• What this task involves: Verbatim copy, pictures excluded: every line from the one with "-STAUB Shop oval1" through the final line of the data below, and no other line.

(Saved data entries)
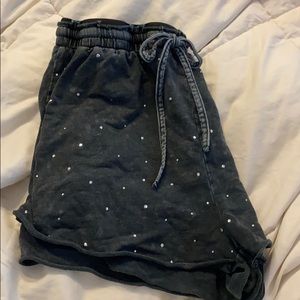 SUPER cute flown sweat shorts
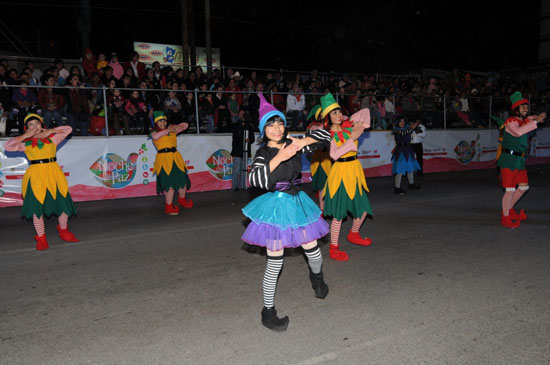 MÁS DE 320 MIL COAHUILENSES HAN DISFRUTADO DEL DESFILE ‘NOCHE DE PAZ’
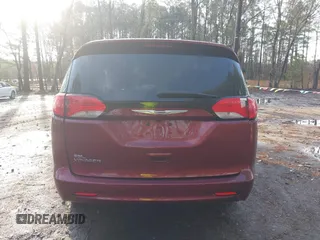 2020 Chrysler Voyager LXI with VIN 2C4RC1DG7LR265455, listed as a IAAI auction lot 41075754 with 1 mi miles. Bid and sale history available at carsss.com. Image 15.
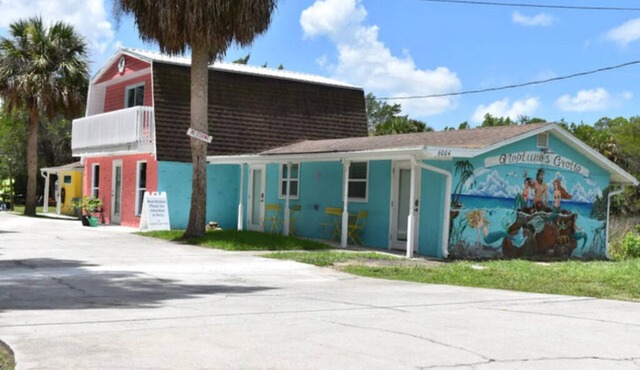 The Funky Flamingo - Neptune's Grotto Old Florida Adventure Retreats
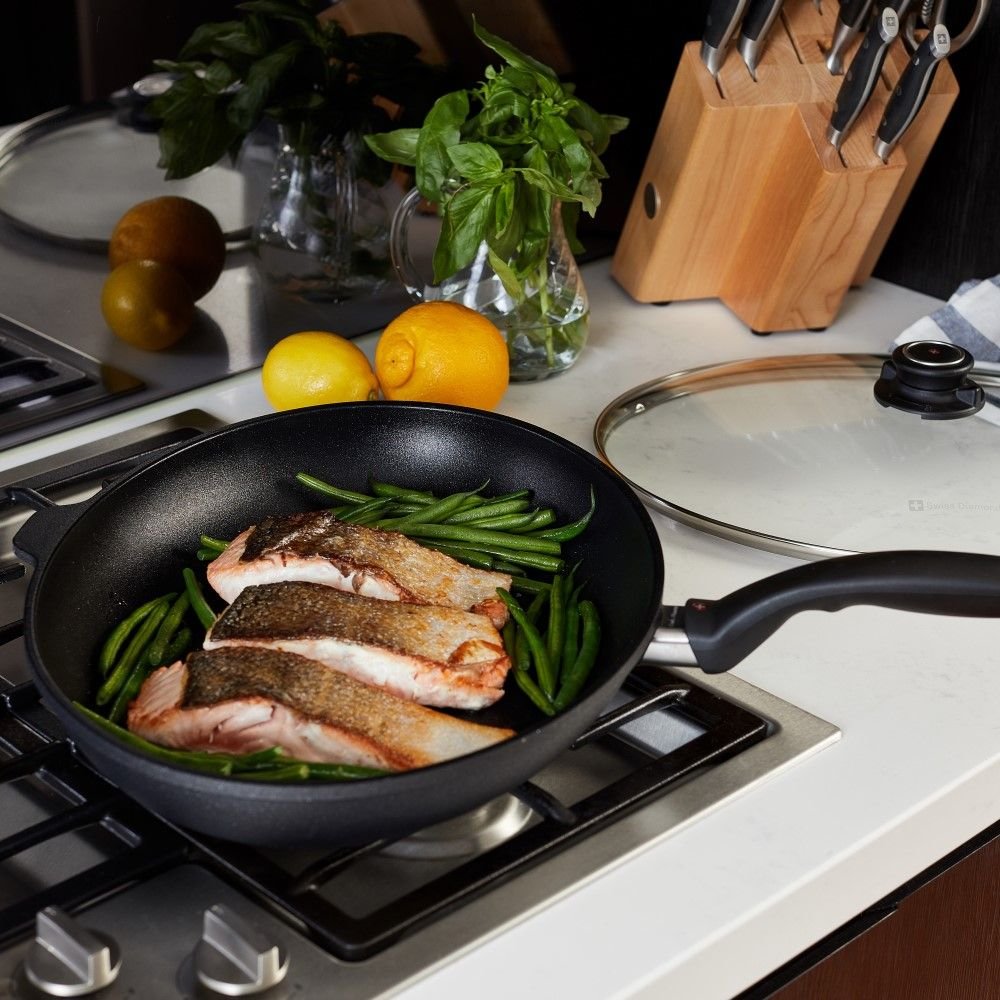 Swiss Diamond | XD Oval Fry Pan with Lid - 15" x 10.25" Swiss Diamond | XD Oval Fry Pan With Lid - 15" X 10.25" -STAUB Shop oval1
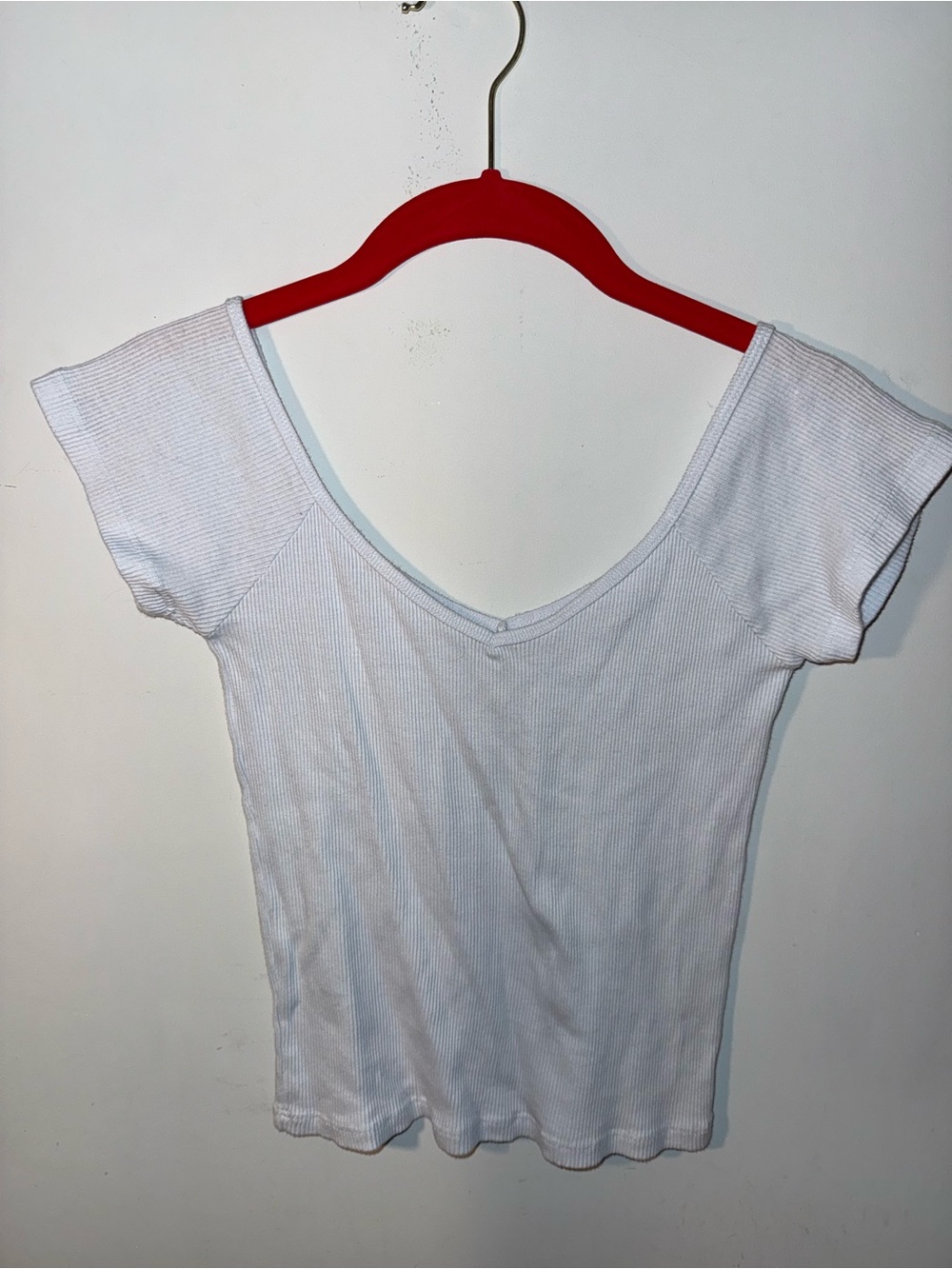 Brandy Melville John Galt Ribbed Scoop Short Sleeve Top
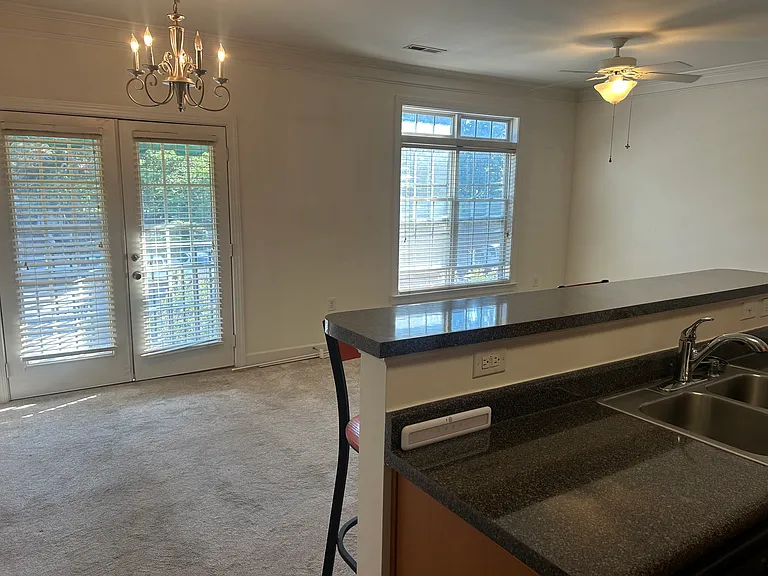 100 Sunset Cir #204 — Photo 9
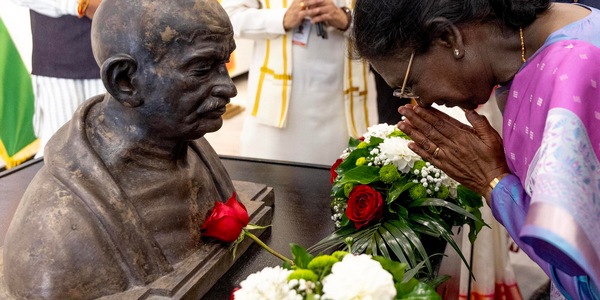 Media, manoscritti di Gandhi venduti all'asta a 1,4 milioni di euro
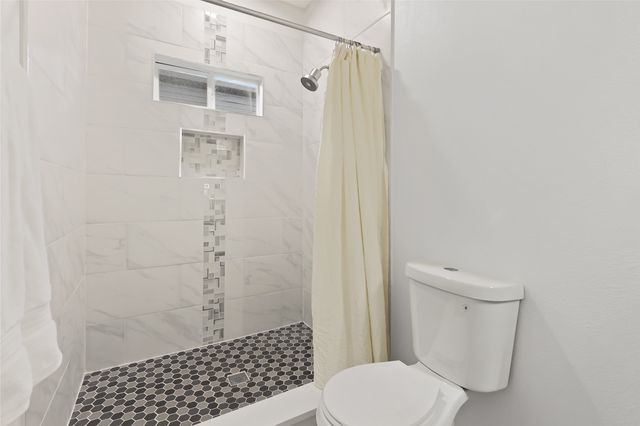 1326 Hemphill Street, Greenville, TX 75401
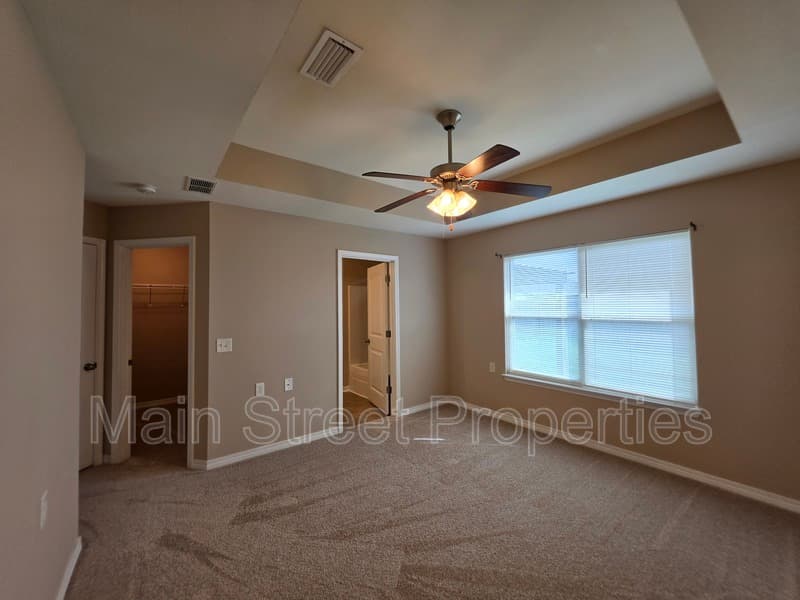Pace House: 5794 Corkscrew Ct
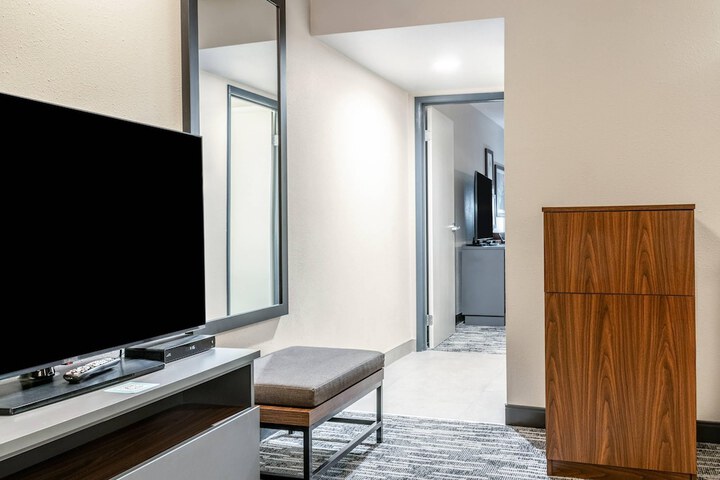 Room 26 of 49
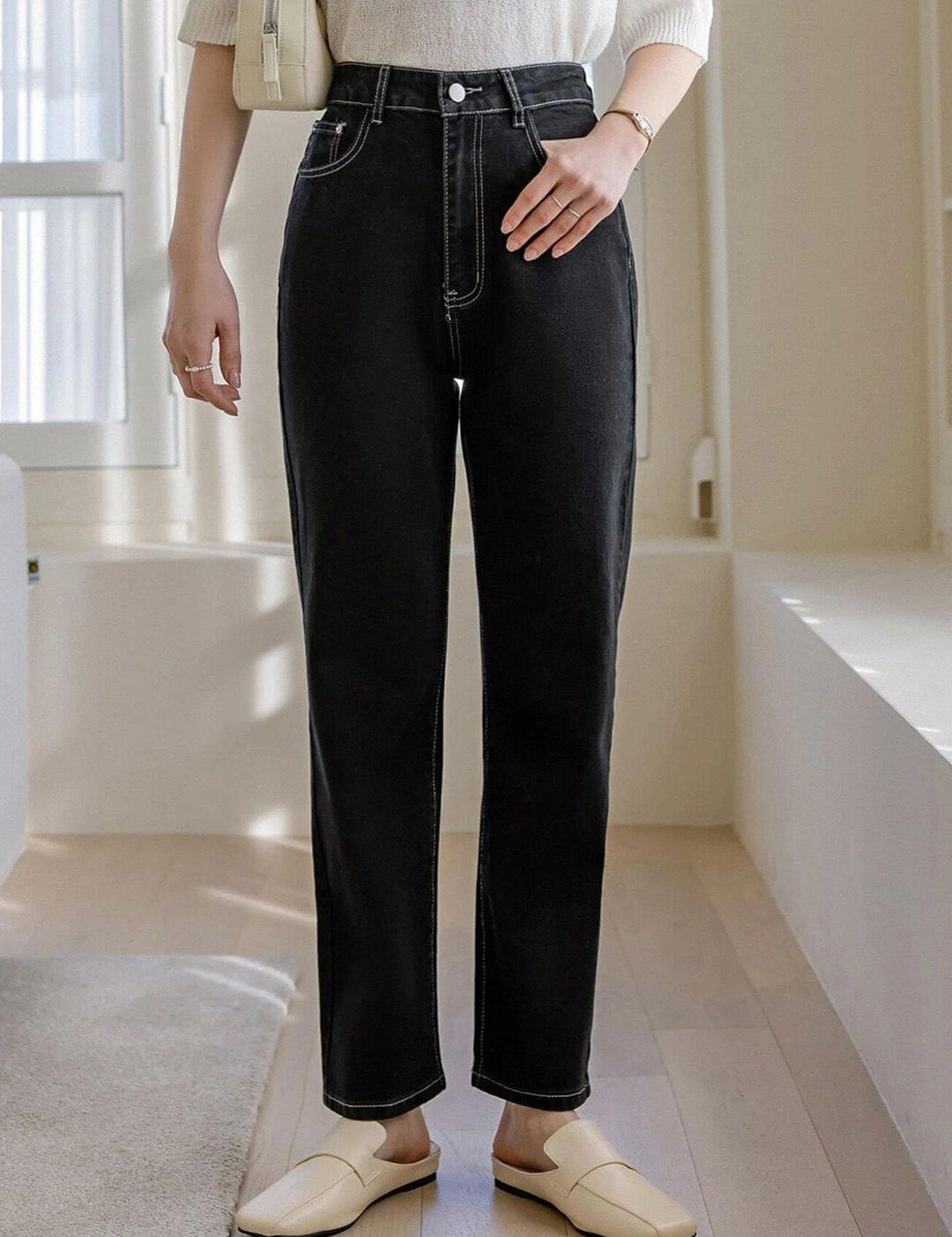 Kotty Women Black Jean Straight Fit High-Rise Stretchable Jeans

• Exercise output:
 Swiss Diamond | XD Oval Fry Pan with Lid - 15" x 10.25" Swiss Diamond | XD Oval Fry Pan With Lid - 15" X 10.25" -STAUB Shop oval1
 Brandy Melville John Galt Ribbed Scoop Short Sleeve Top
 100 Sunset Cir #204 — Photo 9
 Media, manoscritti di Gandhi venduti all'asta a 1,4 milioni di euro
 1326 Hemphill Street, Greenville, TX 75401
Pace House: 5794 Corkscrew Ct
 Room 26 of 49
 Kotty Women Black Jean Straight Fit High-Rise Stretchable Jeans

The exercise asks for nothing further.